Attached is a revamped version of the FSM rewrite. WAL-logging is now
gone. Any inconsistencies between levels of the FSM is fixed during
vacuum, and by searchers when they run into a dead end because of a
discrepancy. Corruption within FSM pages is likewise fixed by vacuum and
searchers.

The FSM in a warm standby gets updated by replay of heap CLEAN WAL
records. That means that the FSM will reflect the situation after the
last vacuum, which is better than what we have now, but not quite
up-to-date. I'm worried that this might not be enough, because on a
large table, a lot of pages could've been filled since last vacuum, and
the first guy who tries to insert to the table will have to grind
through all those pages, finding that they're all full now.
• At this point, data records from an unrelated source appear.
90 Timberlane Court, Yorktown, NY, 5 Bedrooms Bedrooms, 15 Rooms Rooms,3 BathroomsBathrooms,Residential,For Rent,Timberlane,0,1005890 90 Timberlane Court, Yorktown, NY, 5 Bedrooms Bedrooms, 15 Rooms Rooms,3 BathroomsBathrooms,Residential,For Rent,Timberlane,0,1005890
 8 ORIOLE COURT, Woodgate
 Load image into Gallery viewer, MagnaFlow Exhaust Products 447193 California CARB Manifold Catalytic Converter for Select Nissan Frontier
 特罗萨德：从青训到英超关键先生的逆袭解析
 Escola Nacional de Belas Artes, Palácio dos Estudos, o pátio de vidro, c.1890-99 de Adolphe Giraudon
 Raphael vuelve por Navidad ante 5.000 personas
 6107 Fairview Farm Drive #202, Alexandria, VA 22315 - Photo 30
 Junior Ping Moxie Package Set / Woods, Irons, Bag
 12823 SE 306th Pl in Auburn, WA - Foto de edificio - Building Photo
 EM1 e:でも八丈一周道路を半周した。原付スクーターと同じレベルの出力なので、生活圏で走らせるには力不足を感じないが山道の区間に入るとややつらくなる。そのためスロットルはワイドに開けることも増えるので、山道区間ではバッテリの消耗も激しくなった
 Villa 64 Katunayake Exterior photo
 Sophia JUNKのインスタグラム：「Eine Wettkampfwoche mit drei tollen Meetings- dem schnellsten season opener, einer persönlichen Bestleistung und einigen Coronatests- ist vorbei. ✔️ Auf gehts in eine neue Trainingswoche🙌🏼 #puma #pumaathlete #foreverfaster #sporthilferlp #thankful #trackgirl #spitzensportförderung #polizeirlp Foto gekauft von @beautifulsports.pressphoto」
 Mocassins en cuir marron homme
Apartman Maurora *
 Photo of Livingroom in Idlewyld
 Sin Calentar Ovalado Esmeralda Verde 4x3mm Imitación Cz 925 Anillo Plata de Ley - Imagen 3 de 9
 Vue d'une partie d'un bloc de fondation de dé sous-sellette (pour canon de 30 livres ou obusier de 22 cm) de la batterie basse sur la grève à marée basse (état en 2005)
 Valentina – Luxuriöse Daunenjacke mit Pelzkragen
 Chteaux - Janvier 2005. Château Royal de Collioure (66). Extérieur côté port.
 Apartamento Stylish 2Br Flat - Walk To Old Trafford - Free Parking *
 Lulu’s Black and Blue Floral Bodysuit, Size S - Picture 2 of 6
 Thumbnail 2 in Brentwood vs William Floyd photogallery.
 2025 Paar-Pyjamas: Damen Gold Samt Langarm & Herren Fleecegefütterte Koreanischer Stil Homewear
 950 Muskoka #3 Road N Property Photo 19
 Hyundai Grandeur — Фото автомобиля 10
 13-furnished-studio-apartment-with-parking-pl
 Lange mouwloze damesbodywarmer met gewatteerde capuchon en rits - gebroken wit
It would be
simple to update the FSM at every heap insert and update record, but
that then might be an unacceptable amount of overhead at recovery. Also,
the index FSM is not yet updated during recovery.

The FSM is now extended lazily, so there's no explicit
FreeSpaceMapExtendRel function anymore. To avoid calling smgrnblocks all
the time, I added a field to RelationData to cache the size of the FSM fork.

The fsm_search_avail() function now emulates the old FSM behavior more
closely. It should now always return the next page to the right of the
next-pointer (wrapping around if necessary).

I believe I've addressed all the other Tom's comments on the code as
well. Also, the "next-pointer" is now reset in vacuum, to encourage the
use of low-numbered pages, per Bruce's comment.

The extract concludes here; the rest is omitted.